- DATASET EXCERPT -

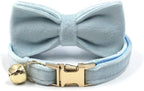 Personalized Cat Collar with Bells,Velvet Customized Small Cat Collar with Name Tag,Pet Collar with Name Phone Number Engraved ID Tags for Boy and Girl Kitten Cats (Sky Blue)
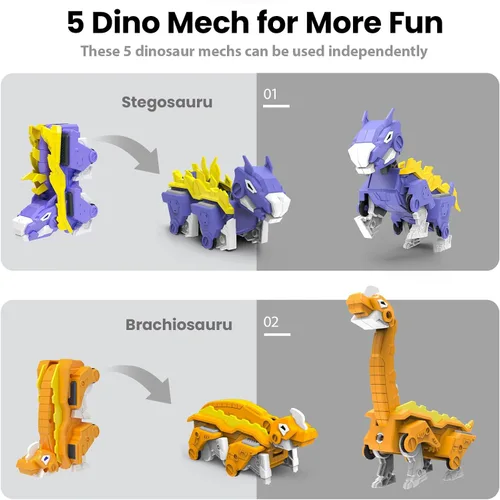 Miniatura 4 de Wenbeier - Juguetes de robot dinosaurio 5-en-1 transformables que incluyen 5 figuras de acción de dinosaurio - Construye y combina en un guerrero
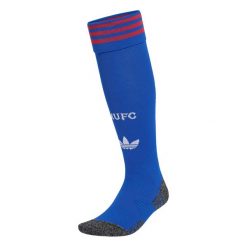 Getry wyjazdowe Manchester United 26/27. Niebieskie legginsy długie sportowe Adidas, l, z aplikacjami, z bawełny, do biegania. Za 99.95 zł.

- ACTIVITY -
Please restate all of the listing above word for word, with no pictures.

- RESPONSE TO THIS EXERCISE -
 Personalized Cat Collar with Bells,Velvet Customized Small Cat Collar with Name Tag,Pet Collar with Name Phone Number Engraved ID Tags for Boy and Girl Kitten Cats (Sky Blue)
 Miniatura 4 de Wenbeier - Juguetes de robot dinosaurio 5-en-1 transformables que incluyen 5 figuras de acción de dinosaurio - Construye y combina en un guerrero
 Getry wyjazdowe Manchester United 26/27. Niebieskie legginsy długie sportowe Adidas, l, z aplikacjami, z bawełny, do biegania. Za 99.95 zł.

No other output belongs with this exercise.